Were only in Japan for the summer. I had some what impulsively accepted a three month appointment at a small research university in rural Japan. Having my wife and two young children along made the trip enjoyable, but also multiplied the opportunities for various miscommunications. Shopping on weekends was always exciting, sometimes in unexpected ways. I even learned many years later that I had been rudely insulting the young women at the bus station, incorrectly using the word “busu“, which means loosely “old hag” instead of “basu“, the actual word for bus when asking for directions.

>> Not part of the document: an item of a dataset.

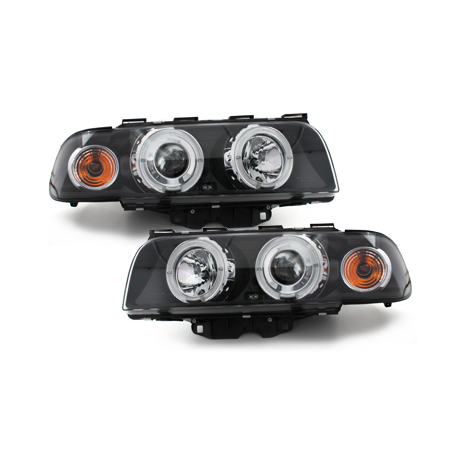 Phares BMW E38 7er 94-98  avec 2 Anneaux lumineux Angel Eyes  Noir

For a minute “tadashii” didn’t seem quite right. I had tried to study a bit of Japanese before our trip but I didn’t get very far. But a three (or is it four?) syllable word for “right” seemed wrong. We were using a little device called a Lingo, which resembled a very tiny laptop. It could do translations into several languages and was an almost magical technology at the time. I later learned, or thought I had learned, that my Lingo had given me the translation for “right” as in “human rights”. No telling what the taxi driver thought I was telling him. Perhaps he thought I was complaining that my rights were somehow being violated. Much later I learned tadashii was the translation for right as in “correct”. I suppose the driver was very confused by my mixed message, telling him he was going the “correct” way while also urgently signaling him to turn right. Such confusion marked our days in Japan. For the record, the “right” I was looking for is migi. I will probably never forget that word.
I told the driver to stop, perhaps successfully finding the word for “stop” in the Lingo. We were far up the parking lot at that point but unloaded our groceries on the sidewalk, paid the taxi driver, and walked toward our apartment.